Zakaria on Obama, the U.N., and Iran

At his United Nations debut, Barack Obama urged global cooperation to combat nuclear proliferation, climate change, and other problems that go beyond the borders of any one country. The speech was well received all over the world, except one place—America's right-wing netherworld, which quickly began whipping people into a frenzy. For Michelle Malkin, the speech was evidence that Obama was "the great appeaser," though she then went on to say, "From the sound of it, you'd think you were listening to Thomas Jefferson." (That's bad?) For Rush Limbaugh, Obama's speech was "basically a coup against America." At the National Review's Web site, a debate broke out—an entirely serious debate among serious people—as to whether the speech proved that Obama actually wanted the world's tyrants to win, in the tradition of past intellectuals who admired Mussolini and Hitler. This is the discourse of American conservatism today: Obama is bad because he loves death panels and Hitler.

There is a serious case to be made that it's not worth taking the United Nations seriously, that it's an anachronistic institution based on 60-year-old geopolitics and a platform for tyrants and weirdos. But while much of that is true, the United Nations is the only organization in the world to which all countries belong, and as such, it does have considerable legitimacy. And that means power. As David Bosco points out in Foreign Policy magazine, over the past two decades the Security Council has authorized "more than a dozen peacekeeping missions, imposed sanctions or arms embargoes on 10 states, and created several war crimes tribunals to prosecute those responsible for genocide and crimes against humanity, including sitting heads of state." It's worth putting in the effort to shape its decisions.

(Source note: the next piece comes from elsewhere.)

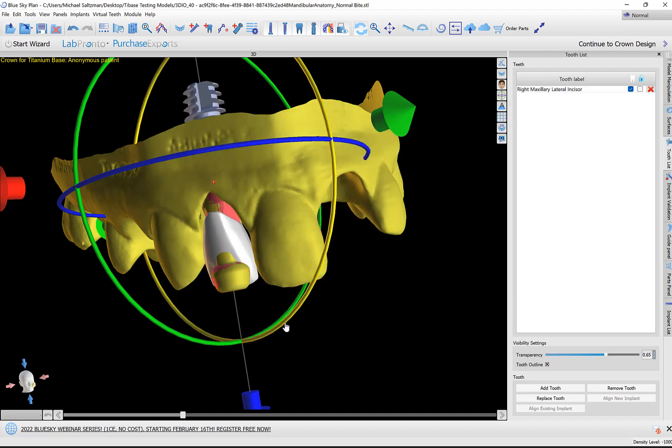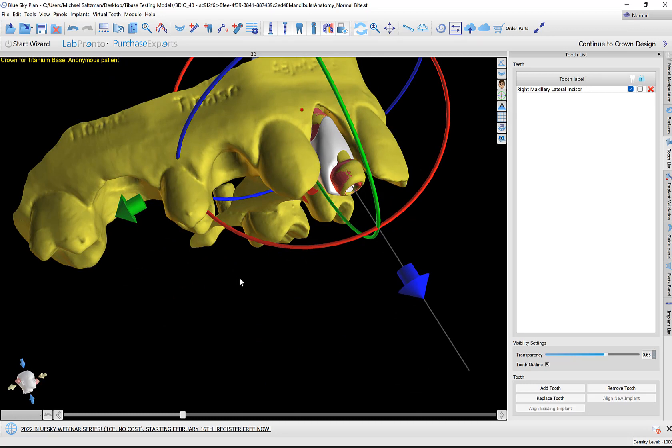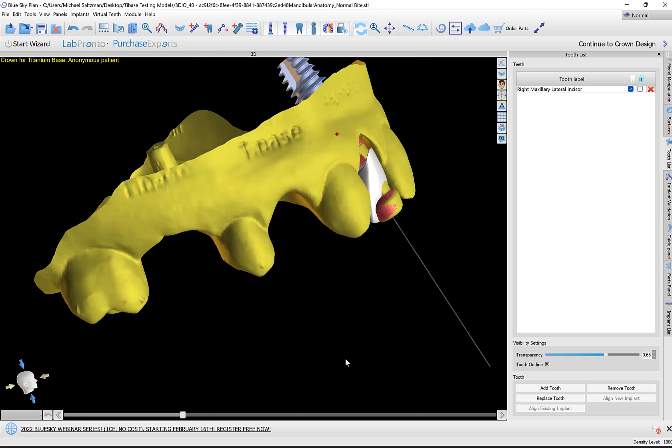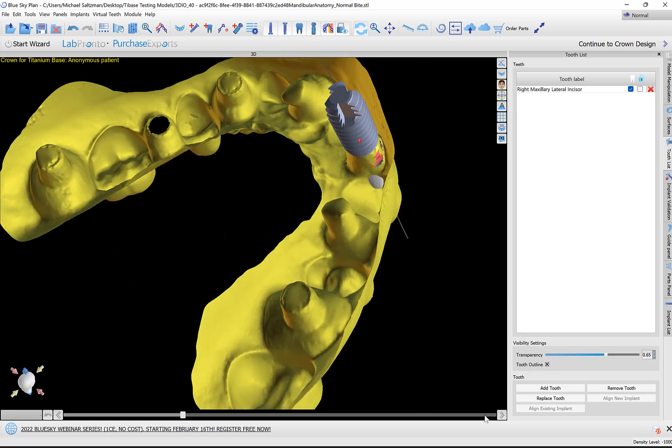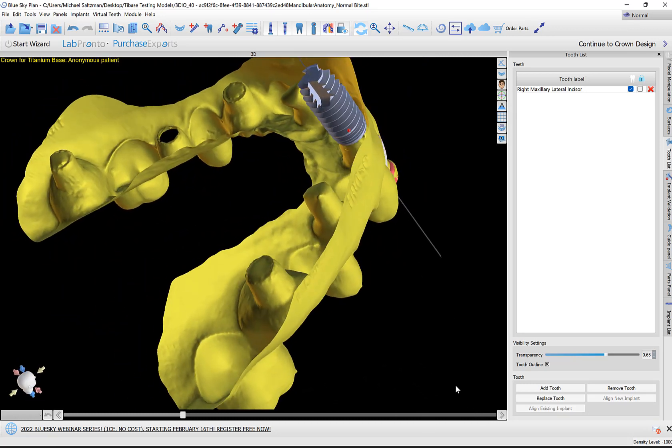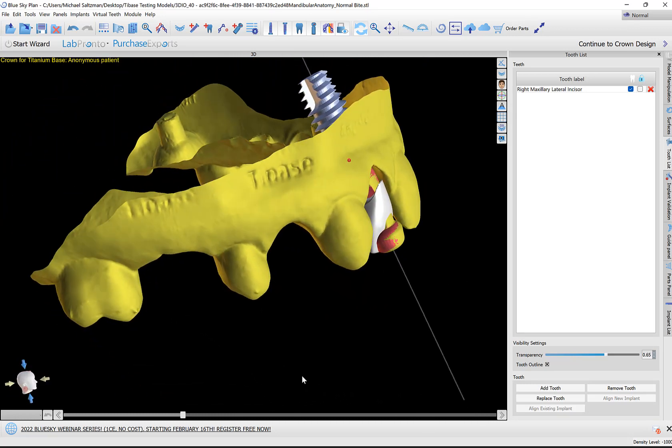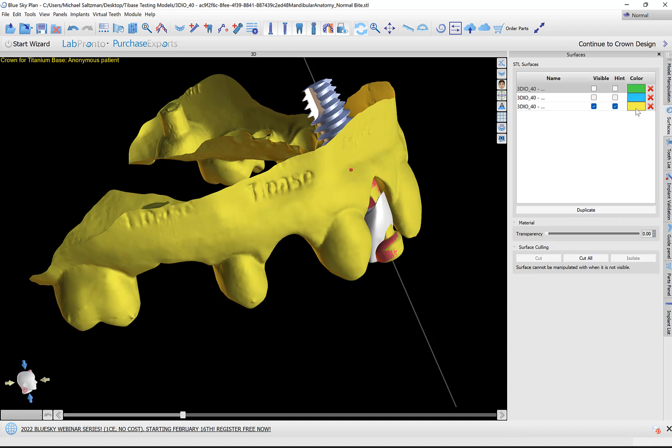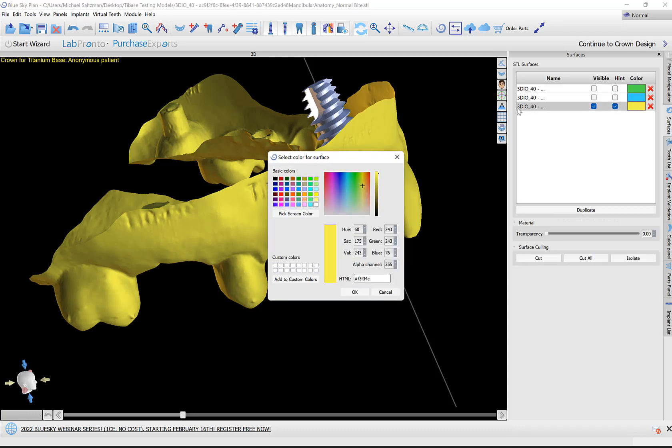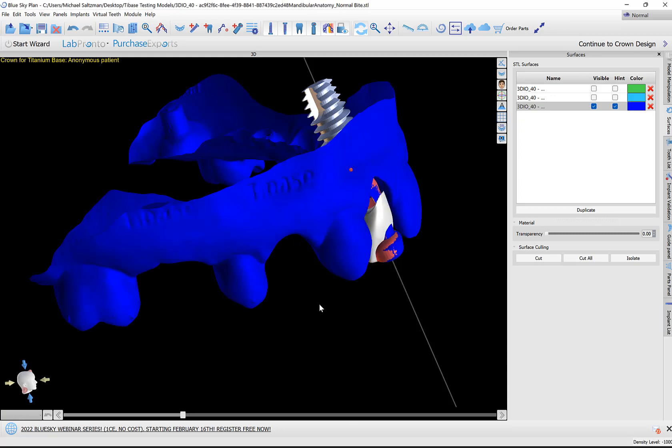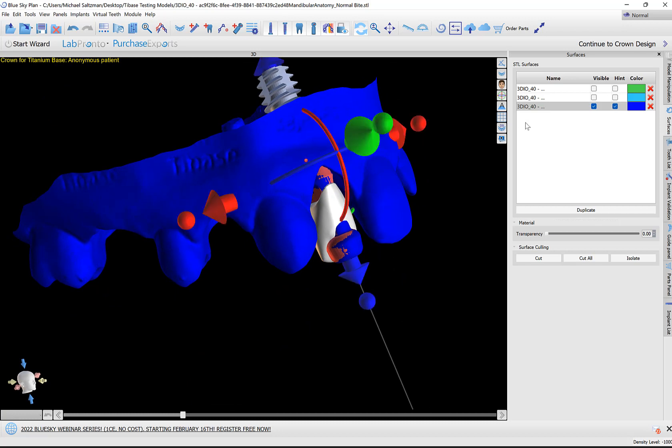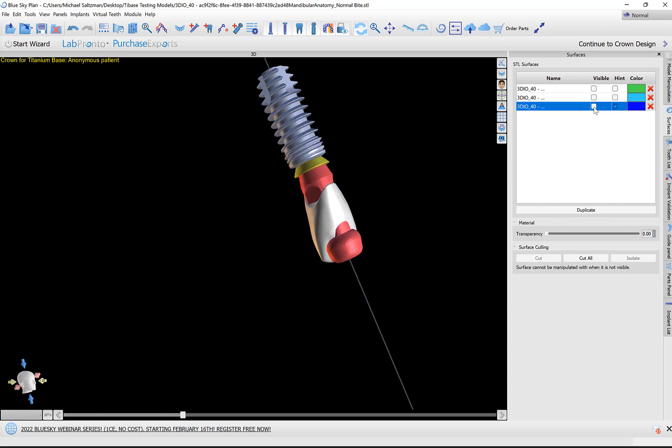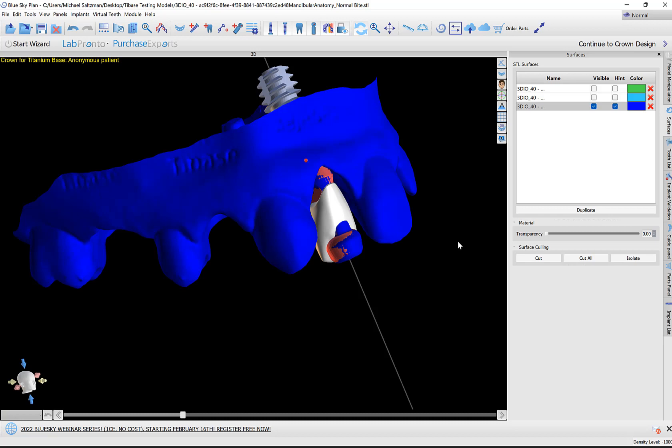The software now aligns a tooth, implant, and abutment. Let's change the model color. Simply click on the color, select a different color so we could see our abutment as well. Here we can see the abutment, the scan body, the implant, and the tooth.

Obama's speech was part of a calculated strategy. In sentiment it recalls Richard Nixon's line after losing the California governor's race in 1962: "You don't have Nixon to kick around anymore." Obama was telling the world: the United States is willing to be cooperative, to rejoin international institutions, to adhere to treaties. But in return, other countries will have to help solve some of the world's common problems. You can't just kick us around anymore.

Let's go back just one year. Many countries had come to believe that America showed little interest in the world. This hostility had become an easy excuse to reject even modest concessions to U.S. requests. If this sounds partisan, recall that after he was elected president of France in 2007, the pro-American conservative Nicolas Sarkozy was asked by Condoleezza Rice what she could do to help him. "Improve your image in the world," he said.

There is a phony realism brandished on the right these days that says no one will ever cooperate with America. Russia and China have their own interests, and any attempt to find common ground is naive. We might as well all hold hands and sing "Kumbaya." Now, of course countries have their own interests, which are often in conflict. But they also often share some common interests. A central task of diplomacy is to explore those areas of agreement, build on them, and thus create a more stable world. That's why we have treaties on everything from trade to taxation, adhered to by most nations for their collective benefit.

In fact, Obama's approach has already produced remarkable results. Russia and China, after long opposition, agreed last week to a toughening of the Nuclear Non-Proliferation Treaty. And in a striking shift, Russia signaled that it may support tougher sanctions against Iran. The Obama administration's decision to cultivate a relationship with both countries, to listen to their concerns, is paying off.

Obama's outreach to the world is an experiment, and not just to see if the world will respond. He wants to demonstrate at home that engagement does not make America weak. For decades, it's been thought deadly for an American politician to be seen as seeking international cooperation. Denouncing, demeaning, and insulting other countries was a cheap and easy way to seem strong. In the battle of images, tough and stupid always seemed to win.

Obama is gambling that America is now mature enough to understand that machismo is not foreign policy, and that grandstanding on the global stage just won't succeed. In a new world, with other countries more powerful and confident, America's success—its security, its prosperity—depends on working with others. It's a big, bold gambit. I hope it works.